Roberts is a legend in the gaming world for creating the Wing Commander flight-simulation game series at Origin Systems, another Austin-based game company. When he left Origin to start his own company, many wondered if he could top one of the best-selling computer games ever and the first made into a movie (alas, the big-screen version of Wing Commander flopped). In his quest to fuse games and movies, Roberts recruited film director Robert Rodriguez to develop online multiplayer games and interactive movies. And he cut a deal with Microsoft; with the publishing power, marketing muscle, and deep pockets of the tech behemoth behind him, Roberts is set to release several game titles this year. But what makes gamers really salivate is the future release of Robert’s new space combat simulation game, Freelancer. Last year it was previewed for game critics at the prestigious Electronic Entertainment Expo in Los Angeles and won Best of Show.

Mike Wilson, 29
CEO
Harry Miller, 32
President and Chief Operating Officer
Gathering of Developers, Dallas

Wilson and Miller are the dynamic duo behind G.O.D., a group of irreverent game designers who banded together in 1998. Their goal: to change the interactive entertainment industry by turning individual game developers into brand names and letting them map their own creative destiny. Wilson, who previously was the CEO of Dallas game developer ION Storm, and Miller, who had been the CEO of game developer Ritual Entertainment, have been getting their share of attention.

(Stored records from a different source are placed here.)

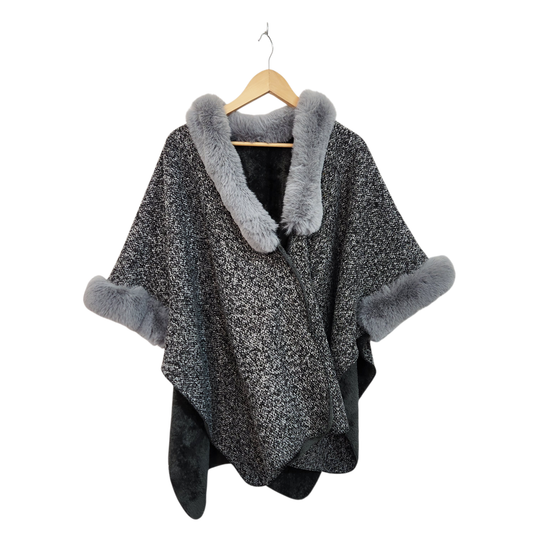 עליונית ויטנג' פרוותית עם פליז פנימי | לאישה מידה XL/XXL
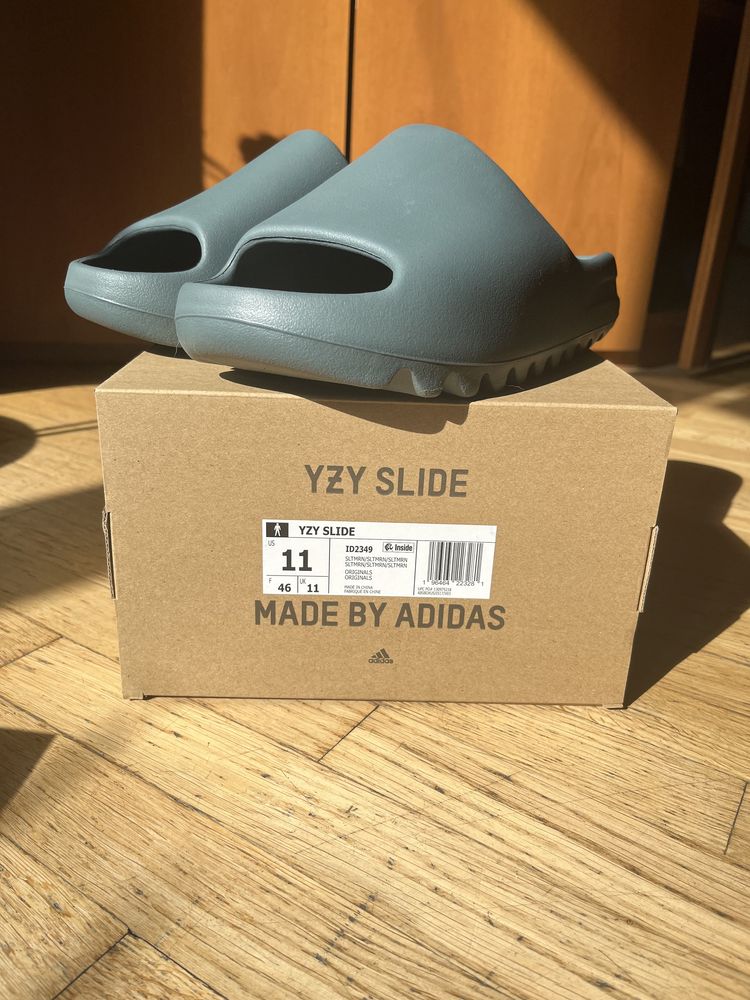 Yeezy Slide Slate Marine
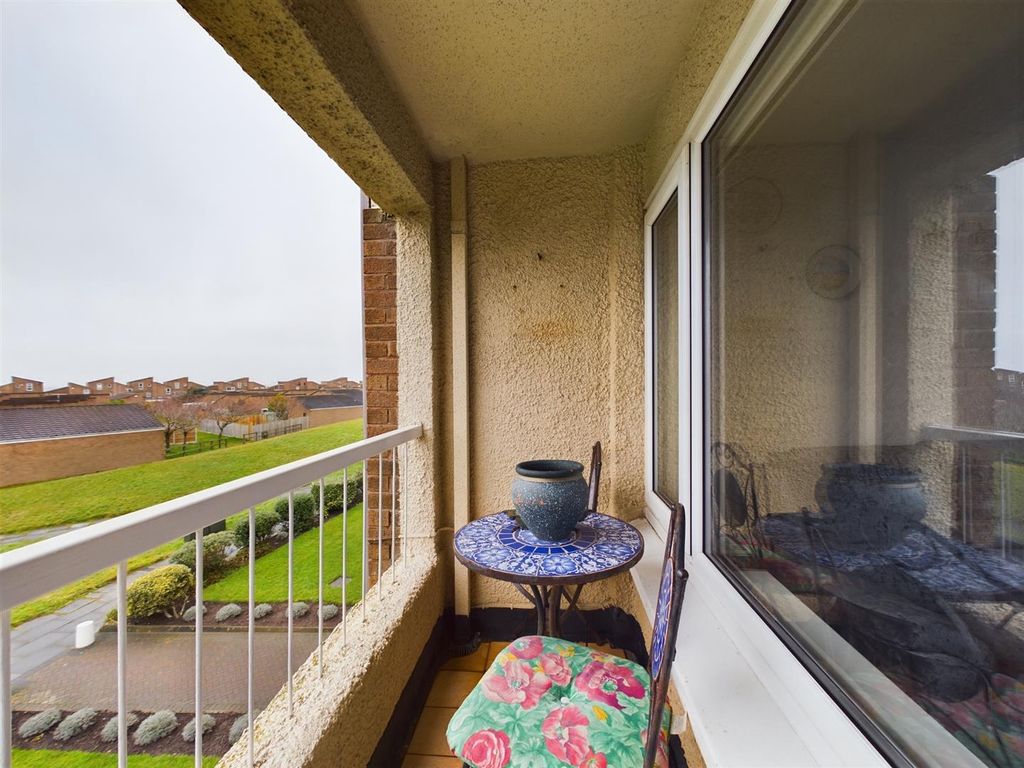 2 bed flat for sale in The Banks, Burbo Way, Wallasey CH45, £125,000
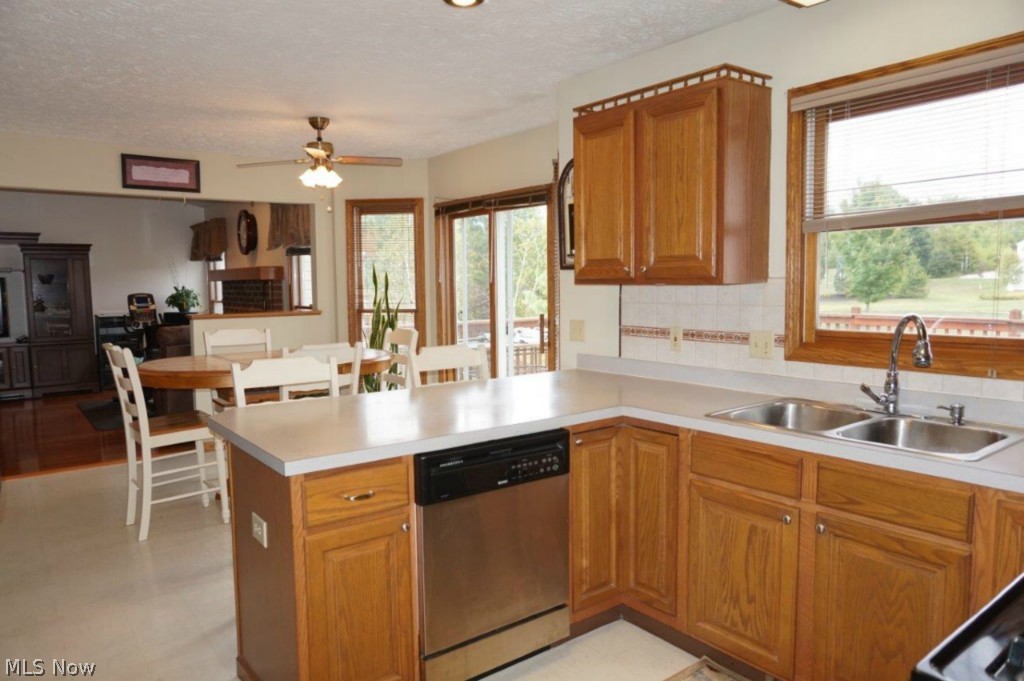 7543 Chaffee Road Northfield, OH 44067 - Photo 10 of 25 Beautiful eat-in-kitchen.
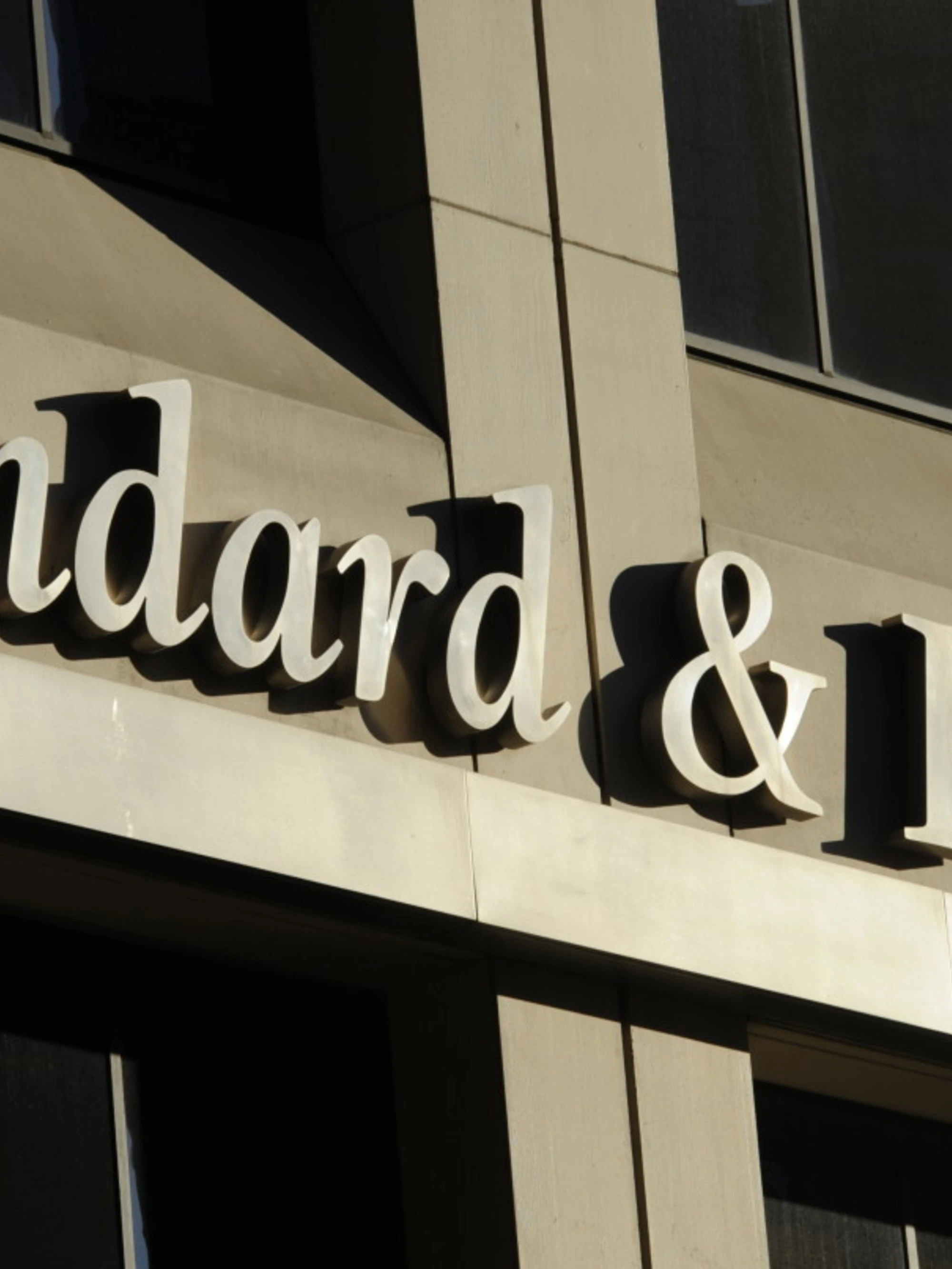 S&P, nuovi investimenti più facili con la promozione: cosa cambia per l'Italia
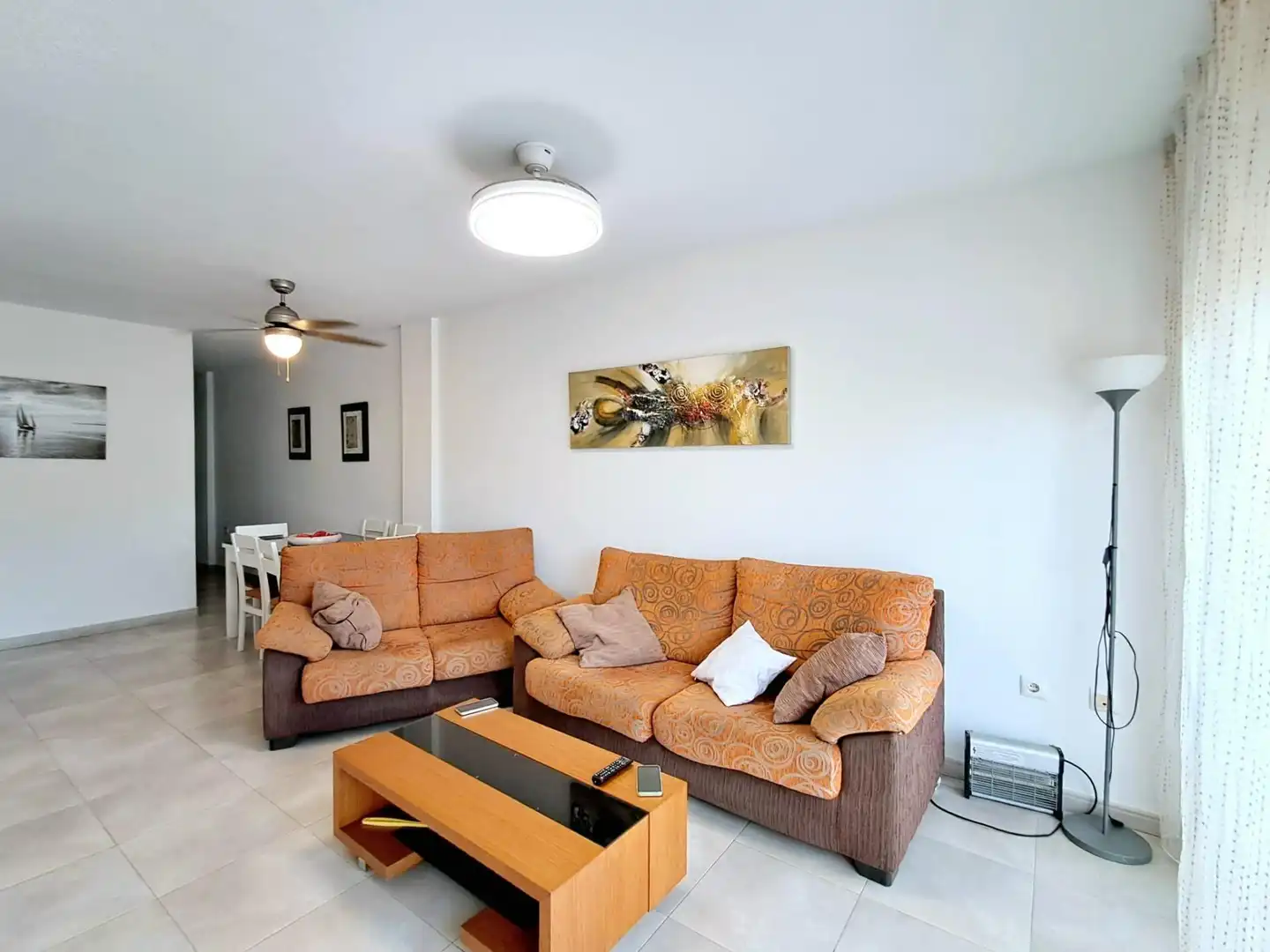 Sala de estar de Apartamento en venta en Águilas con Amueblado y Balcón
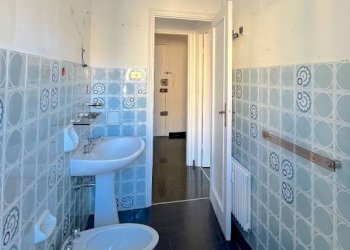 Bagno - Trilocale via Isonzo, 17, Genova (zona Quarto) - foto 20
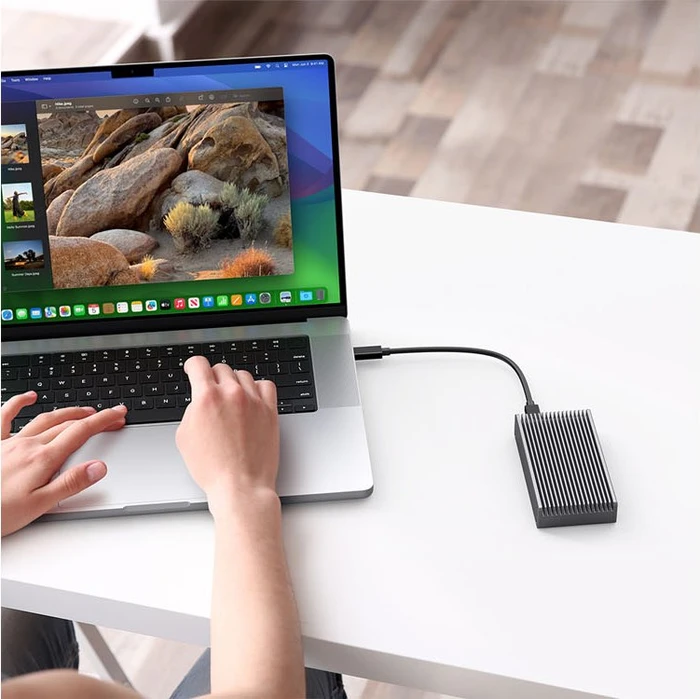 LMP DataFlash, NVMe SSD Enclosure, USB4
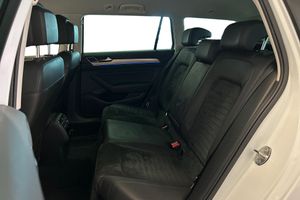 Volkswagen Passat bild 23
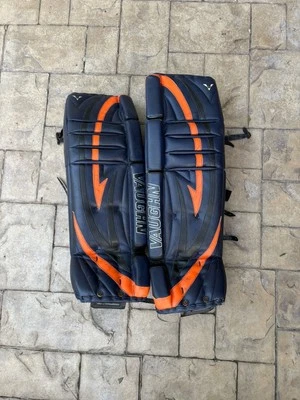 "Almohadillas para piernas de portero de hockey sobre hielo Vaughn Velocity V5 32""" Foto 1 de 4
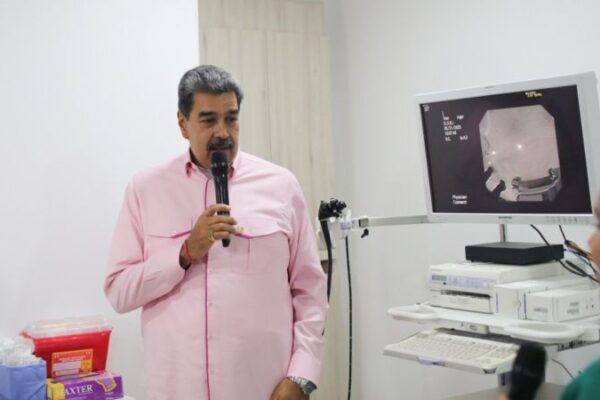 Jefe de Estado sobre el extremismo: Ellos piden sanciones y nosotros nos especializamos en derrotarlos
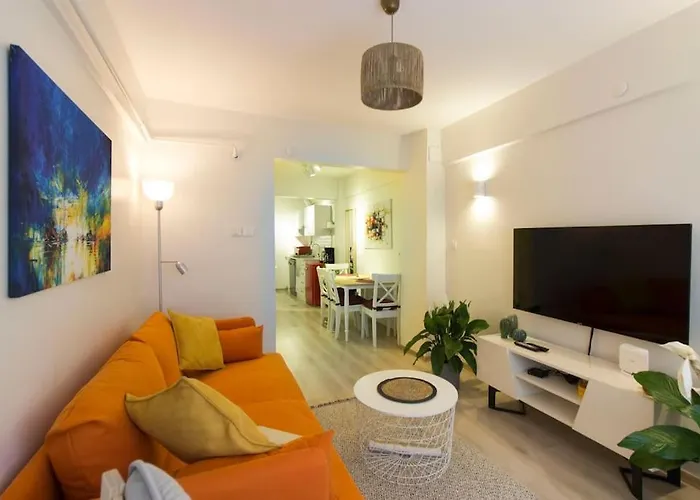 Fully Renovated 2br Flat In Prime Location At Moda *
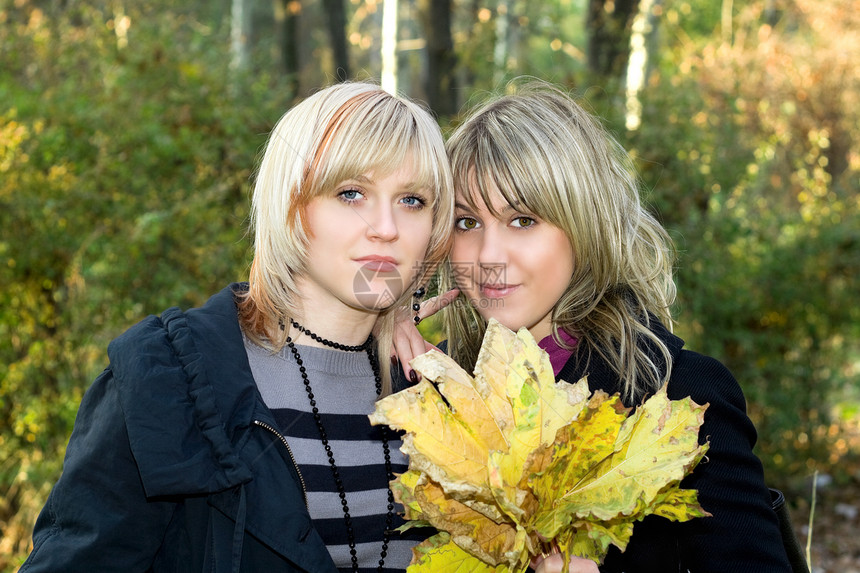 两名女青年的秋叶假肖像图片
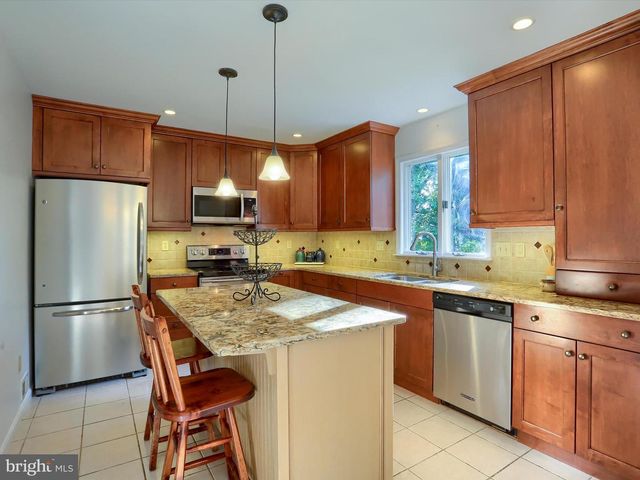 34 DONEGAL DR, Carlisle, PA 17013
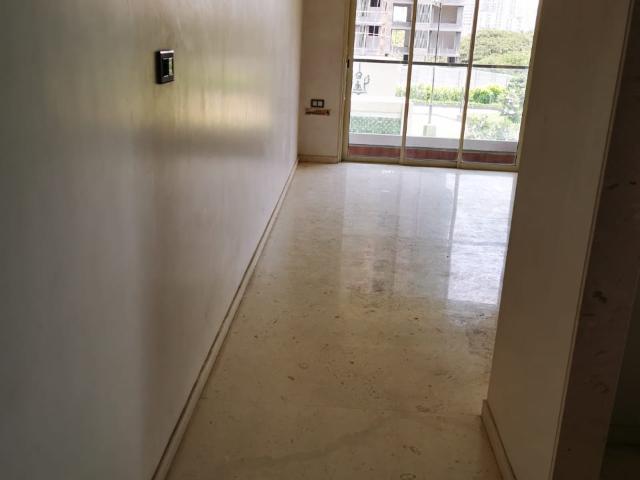 JP Eminence 2 Bedroom 920 Sq. Ft. Apartment in Andheri West Mumbai Listing ID: #10407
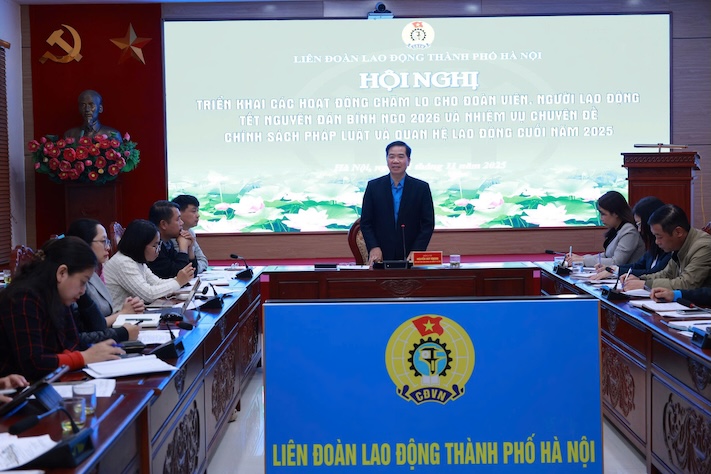 El Vicepresidente de la Federacion Laboral de la ciudad de Hanoi Nguyen Huy Khanh dirigio en la Conferencia sobre la implementacion de las actividades del Tet Nguyen Dan Binh Ngo 2026. Foto: Ngoc Anh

In December Entertainment Weekly ranked G.O.D. among the nation’s top ten e-companies and “visionaries” leading the charge into the next century—and it was the only game publisher on the list.

Where Is . . .?

On the outs—for now.

Dick Brown, 52
Chairman and CEO
Electronic Data Systems, Plano

He has his work cut out for him at the company that Ross Perot built, which has grown so unwieldy that it has stumbled on its own bureaucracy and lost ground to competitors.

Ross Garber, 33
Co-founder
Vignette, Austin

He presided over the most successful high-tech public offering in Texas in 1999 (Vignette’s stock price is up more than 2,000 percent since the day of its IPO) but has since cashed out and quit, taking his power with him.

Richard Garriott, 38
Co-founder
Origin Systems, Austin

Last fall marked the arrival of the ninth and final chapter of his Ultima series, the longest-running fantasy role-playing game of all time. Farewell, Lord British.

Eckhard Pfeiffer, 58
Houston

Compaq is no longer the top seller of personal computers in the nation, and its stock price dropped more than 35 percent in 1999; no wonder he was forced to ‘paq it in as CEO.

John Romero, 31
Chairman
ION Storm, Dallas

Repeated delays in the release of his long-awaited game, Daikatana, opened him up to ridicule in the press. The defection of several of his designers to rival companies only made matters worse.